We are certainly going to see firms continue to deal with large levels of complaints about how they have dealt with customers during the pandemic. FCA and FOS have already published various guidance, and it is clear that, as firms complete their reviews of complaints, FOS is braced for the influx. We can expect many complaints about insurance policies that have not paid out where consumers and SMEs expected them to (rightly or wrongly) and there will be significant work for the relevant parts of the insurance market in assessing current and future and reassessing past claims in the light of both the judgement in the Business Interruption Insurance test case and any pronouncements that may (in fact, almost certainly will) come from FCA as complaint themes become clear. FOS has already noted, as of the end of August, 3,500 complaints related to COVID-19, over half about insurance-related, but a fair few about refusals of payment deferral applications and, from SMEs, on declines in CBILS and BBLS applications. FCA has already stressed that firms must handle complaints as efficiently as possible with no reduction in quality, and has noted its expectations on responsible senior managers to check prompt payments and vulnerable customers (whether individual or SME) are appropriately treated.
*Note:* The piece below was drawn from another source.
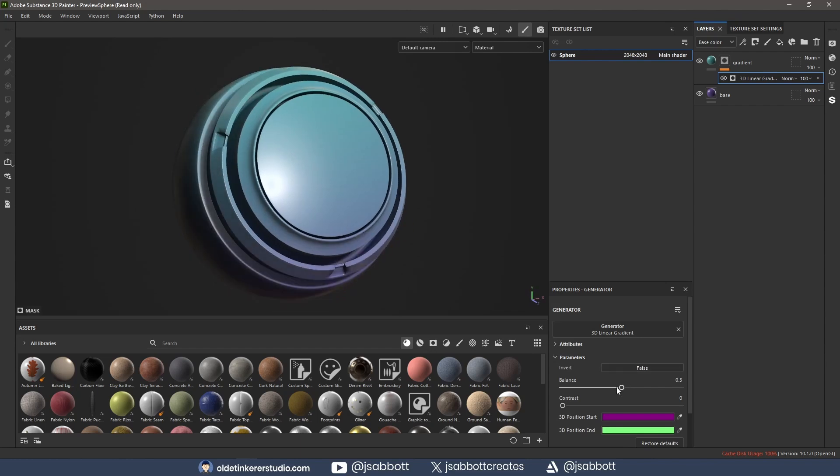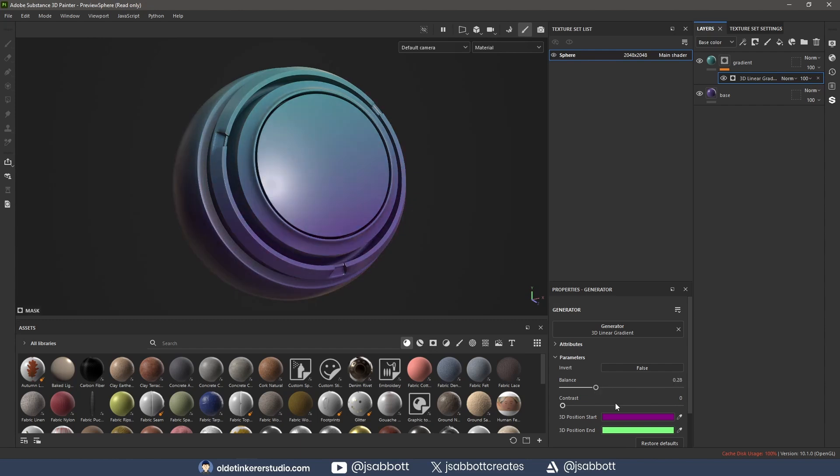The balance for the generator will adjust the amount of gradient on the top and bottom of the model. The contrast determines how sharp the blend between the two gradient colors will appear.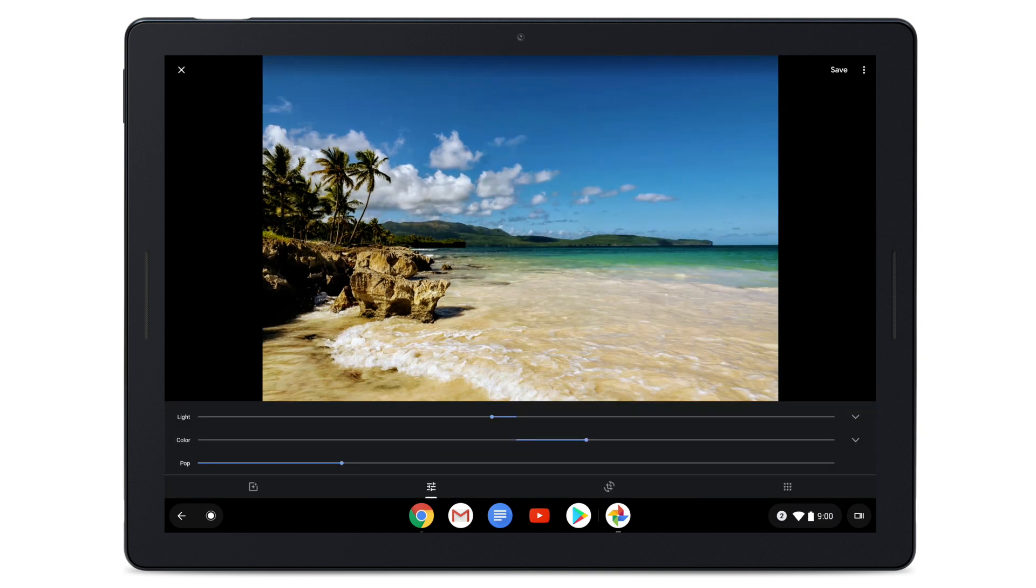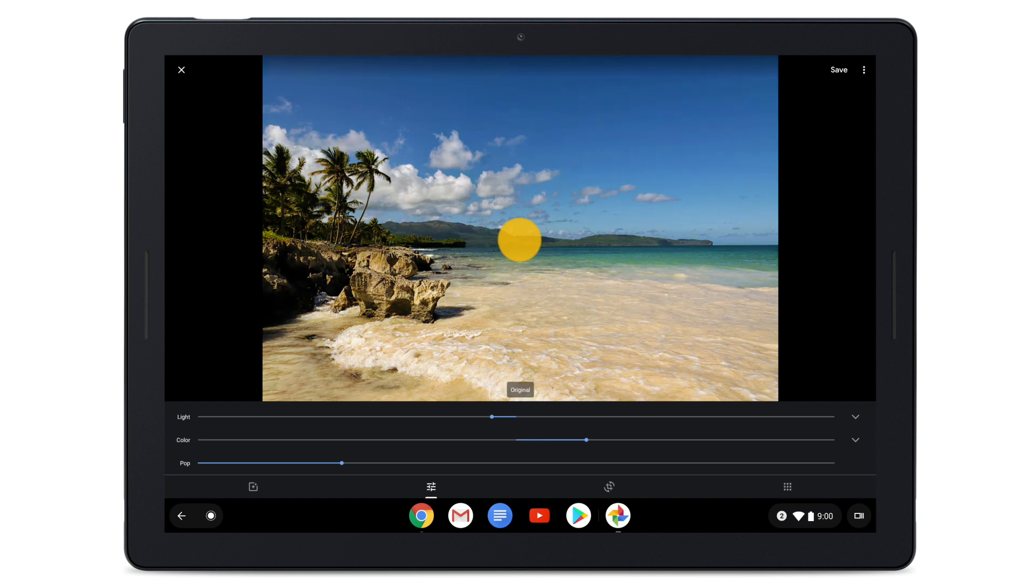To see how your edits look compared to the original photo, long press on the photo. Release to go back to editing.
Last, but most certainly not least, is how firms will be dealing with customers in the coming months. How they do this will depend on their business and customer base, but will also dictate their response in each of the categories discussed above. As FCA Guidance mutates over the coming months, firms will need to adapt appropriately. For firms in the consumer and SME lending and insurance space, there will be no BAU for quite some time to come. Some things are clear – such as the need for a policy for treatment of customers coming out of payment holidays, or who may still need forbearance. Firms will also need to take accounts of the upcoming Breathing Space regulations and prepare to adapt their policies and procedures to comply with these. For insurers, much work will be done on policy scope and wordings, looking at how products should be adapting to the risks, and how to treat renewals of products that may no longer be fit for purpose.
Increasingly, it seems, they will need to have in mind what the "normal" rules are, but issues of affordability, communication and acting in the best interests of the customer will not be normal. Even a crystal ball cannot tell how quickly the temporary measures will change, when they may end or whether they may need to be reimposed. If there is a second wave, though, the risks will not be quite the same, and regulation will have to adapt in any event. Firms will need to make sure their plans and their resourcing will be ready to deal with changes, whatever form they may take, and sometimes in short order.
What can we conclude? Mainly, that "normal" is going to be a moveable feast well past the end of 2020, but that so far as possible, the financial services world needs to adopt the best form of "business as usual". In some respects, firms can (and sometimes must) return to compliance with the rules as they were before lockdown. But treating customers fairly and acting in their best interests has taken on new aspects, and these will evolve as the circumstances of individuals and businesses change. And when and how they will changes will depend not least on three very unknown factors – COVID-19, the economy and Brexit.